_Task to complete_
Your answer must be an exact transcription of every record below, with the pictures omitted.

_Exercise data_

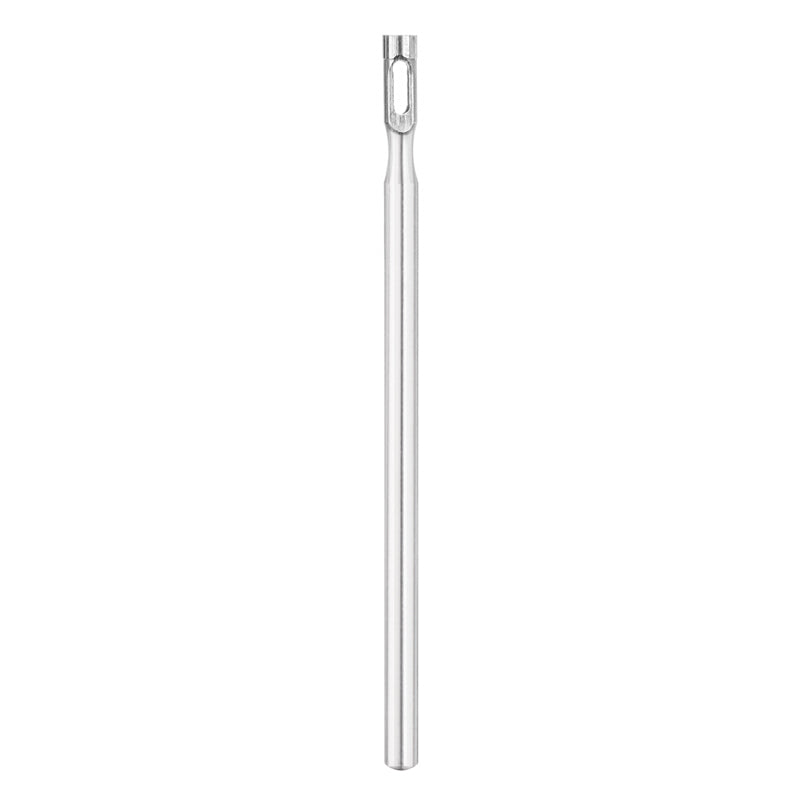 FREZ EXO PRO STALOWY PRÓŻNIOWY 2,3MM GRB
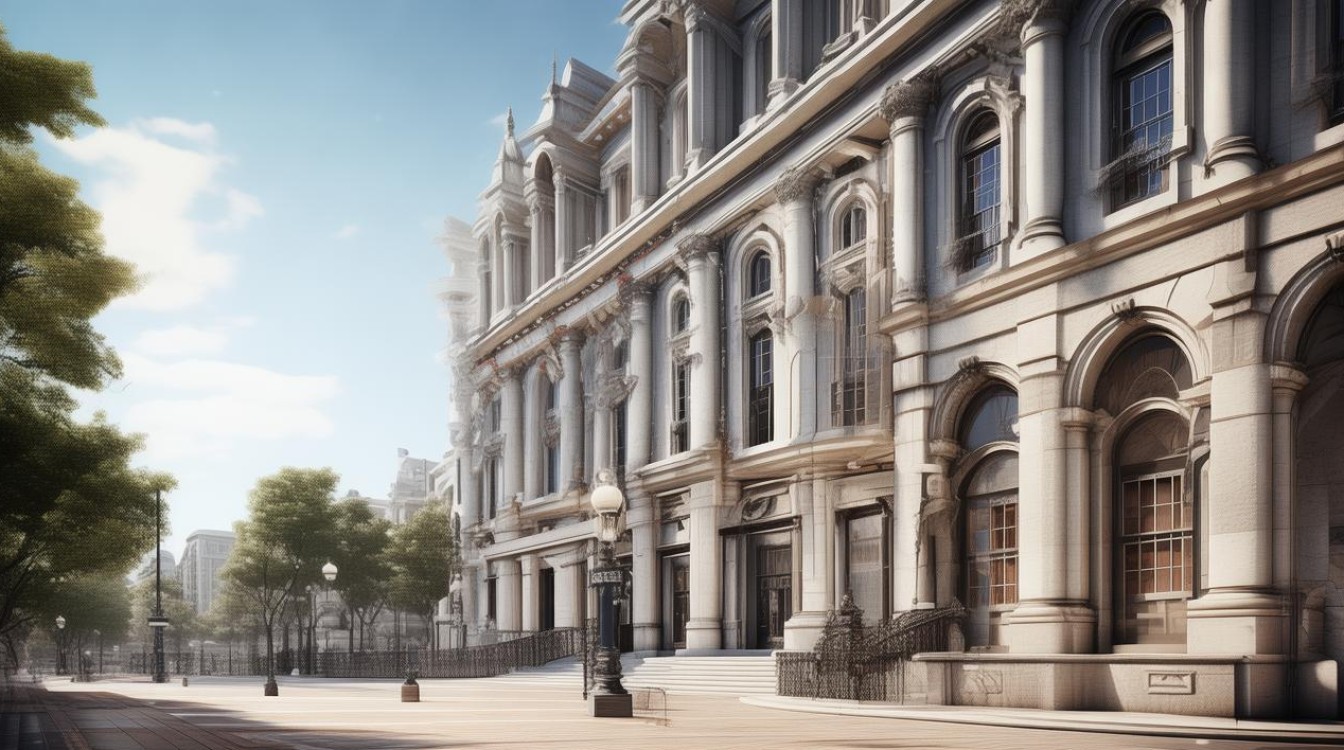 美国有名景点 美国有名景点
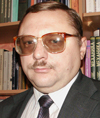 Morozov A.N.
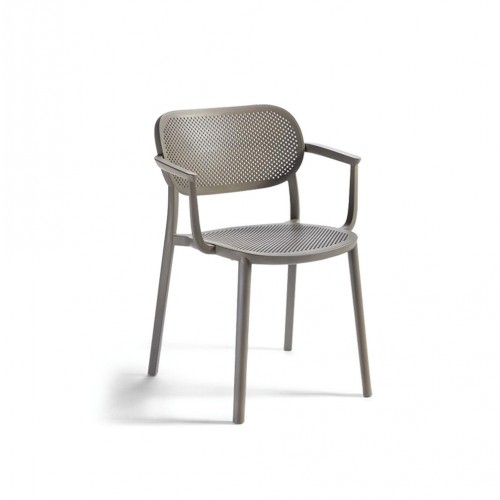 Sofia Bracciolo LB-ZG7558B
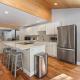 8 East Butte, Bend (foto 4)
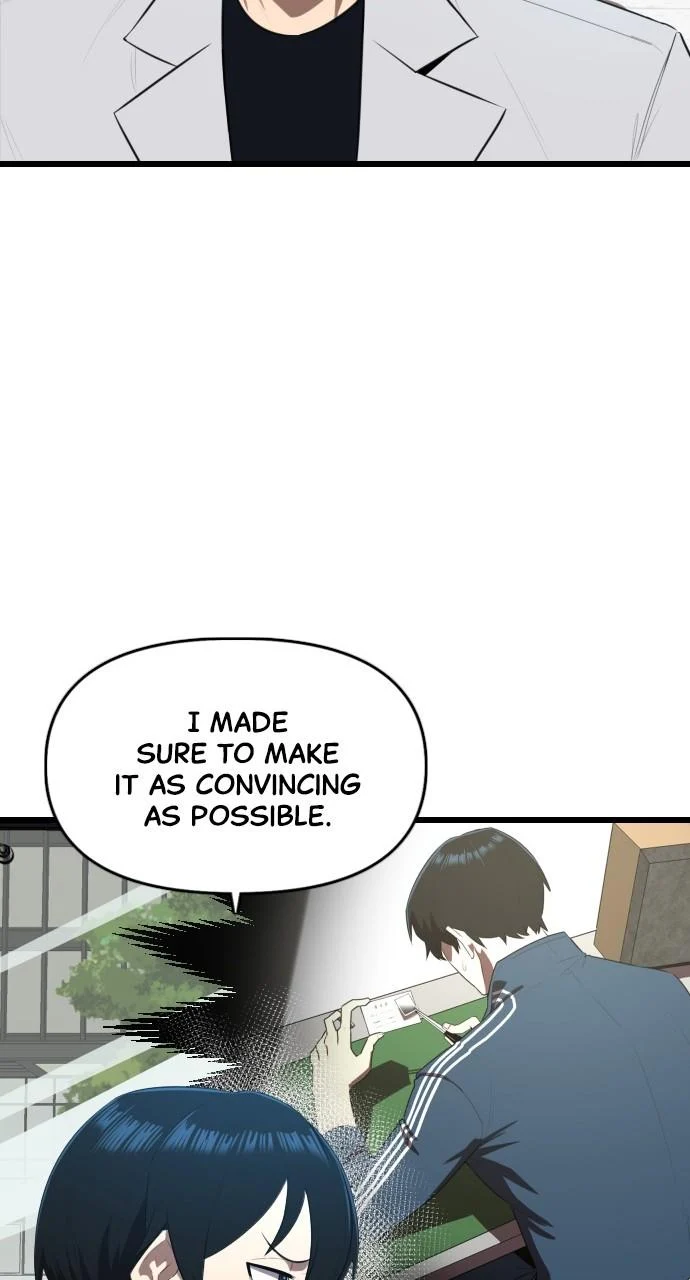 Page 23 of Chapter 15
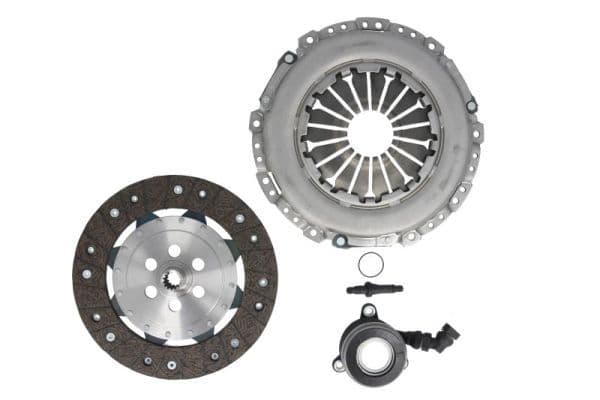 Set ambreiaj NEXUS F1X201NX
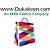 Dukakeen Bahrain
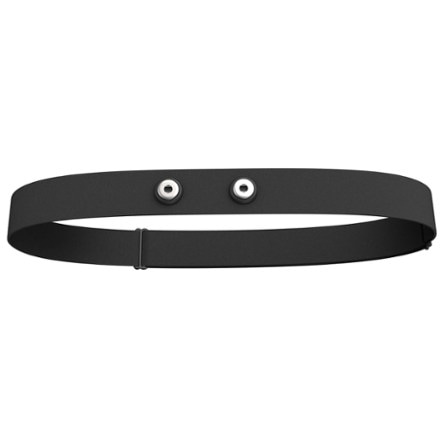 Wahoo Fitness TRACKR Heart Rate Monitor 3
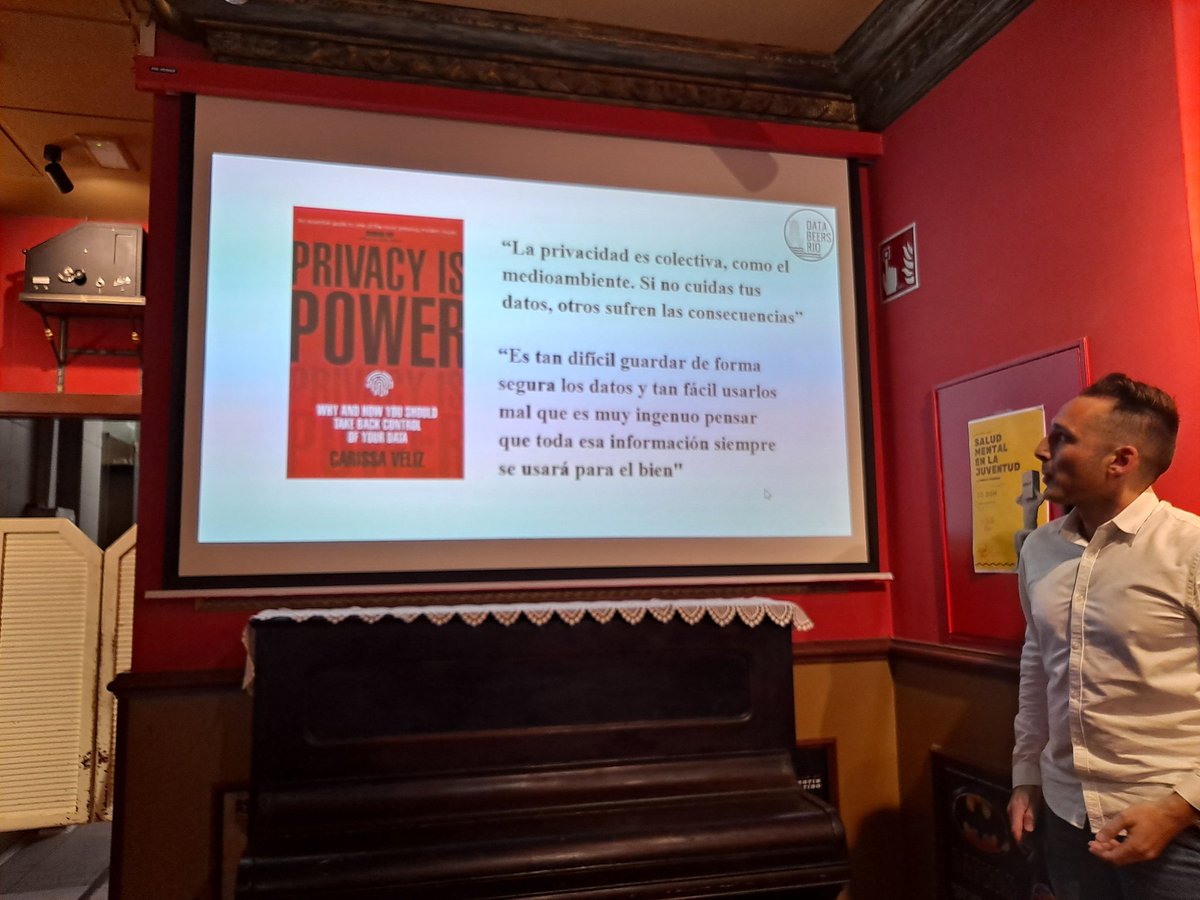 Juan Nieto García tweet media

_Written solution_
 FREZ EXO PRO STALOWY PRÓŻNIOWY 2,3MM GRB
 美国有名景点 美国有名景点
 Morozov A.N.
 Sofia Bracciolo LB-ZG7558B
 8 East Butte, Bend (foto 4)
 Page 23 of Chapter 15
 Set ambreiaj NEXUS F1X201NX
 Dukakeen Bahrain
 Wahoo Fitness TRACKR Heart Rate Monitor 3
 Juan Nieto García tweet media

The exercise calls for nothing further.